Liquid cooling has been on the market since Cray tried it on for size in 1985. The technique hit consumer computers in the 1990s, though it remains acustom, quirky, or high-end option. During the era of Moore's Law, the easiest way to bring down the price of computing has been to fit more transistors on a chip. But a lesser-known limit lurked in the background: Rent's Rule, which noted a logarithmic relationship between the number of logic units in a computer and the number of communications gates between them. In other words, packing in more logic requires packing in a lot more communication. More communication means a need for more energy in and more heat out.
Michel describes that as the bottleneck for supercomputing: "In the future we are worried about the energy bill and not about the purchase cost of a computer. So we want to squeeze as much as we can out of a watt or joule and not out of a silicon chip." he says.
Today's computer chips get their electric current from tiny copper wires and dissipate heat into surrounding air that bulky and energy-hungry air conditioners must whisk away. The need for continuous air flow means chip designers have stuck to a more or less flat design. Water's much higher heat-carrying capacity make it possible to shunt heat away from chip components that are much, much closer together. The upshot: they could be stacked on top of one another in a three-dimensional arrangement much like the brain's. That would give the chip shorter communication distances, too, further reducing the amount of heat generated.
Cool. But not that cool. IBM's SuperMUC cools its chips with water at 45 degrees Celsius. You wouldn't want to spill any on your hand, but it's still cool enough to bring down a computer chip's temperature. Michel says that the hot water from a water-cooled 10-megawatt data center could heat 700 homes via district heating, which is common in Europe. IBM set up a first working example of a heat-recycling liquid-cooled supercomputer, called Aquasar, at the Swiss Federal Institute of Technology Zurich (ETH). If it works on a larger scale, it would save energy in two places: less energy would be needed to cool the computer in the first place, and some of the energy spent could be reused to heat homes.

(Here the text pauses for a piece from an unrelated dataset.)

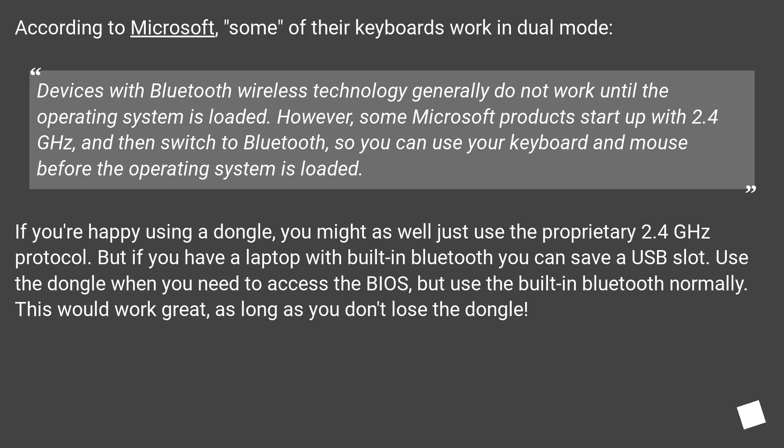If you're happy using a dongle, you might as well just use the proprietary 2.4 GHz protocol. But if you have a laptop with built-in Bluetooth, you can save a USB slot. Use the dongle when you need to access the BIOS, but use the built-in Bluetooth normally. This would work great, as long as you don't lose the dongle.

Getting electricity in via a liquid is more complicated. Patrick Ruch, a colleague of Michel's at IBM in Zurich, and others are examining vanadium as a potential electrolyte for a redox flow battery. This is a concept used more often for storing energy from variable power sources such as solar panels or wind power, due to its low cost and scalability. But it has a low energy density compared to some other batteries. Ruch, who began the project this year, has his work cut out for him. He says, "the goal is to be able to provide a substantial amount of the power that the microprocessor needs by this electrochemical solution."